Sometimes in the past, I may have dreamed of something like winning the lottery (unlikely as I have never bought a ticket!). In a dream I could explore how people would react and how I would spend the money. I would have sudden fame, people would give me special deference as they often do towards the extremely wealthy and the money might be spent on fine but unnecessary luxuries. In short, pride and greed. What might Mother Teresa and Pope John Paul II have dreamt if their dreams gave them wealth? Somehow, I do not think their dreams would have been like mine at all.

In my dream last night, I was presented with a moral choice. Of course, as in life, no one said “George, you have a moral choice,” but an immoral opportunity arose. I found myself accepting that opportunity without giving it a lot of thought at first. As I proceeded, but before anything “happened,” it occurred to me that it was gravely sinful. I specifically remember that and deciding to proceed anyway. I even remember thinking that I will have to confess it and when and where to go to confession. Mercifully at that point I woke up.

A flood of emotions came to me as I laid in bed. Even though it was a dream, I was disappointed in myself, felt shameful, and very remorseful. Most of all I was mortified that I could act and think like this (it being a dream not withstanding). I could commit a mortal sin, clear and unambiguous. The matter was grave, I had sufficient reflection to completely understand the sinfulness, and I purposefully decided to go ahead anyway.

Since this was only a dream, I lacked the full capacity for free will of my waking self. No mortal sin was actually committed. Yet, I can not help feeling it was sinful none-the-less and that a small, hidden part of me was complicit. All I could do was say an act of contrition.

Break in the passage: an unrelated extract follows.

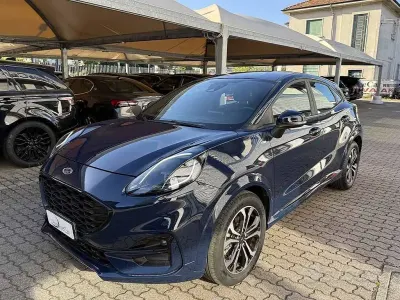 Usata Ford Puma ST-Line 125 CV (91 kW) 2022 Blu / pastello SUV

Why did I have a dream like that? Upon reflection, I think it may have been the Holy Spirit showing me the stark difference in my heart and that of Jesus and Mary. A lesson and ultimately a blessing to ask for and accept their grace to reject sin.

It also occurs to me, the fullness of God’s mercy in preparing our souls to be received into heaven after death. That is, the role of purgatory and its place in His plan seems a little clearer to me today.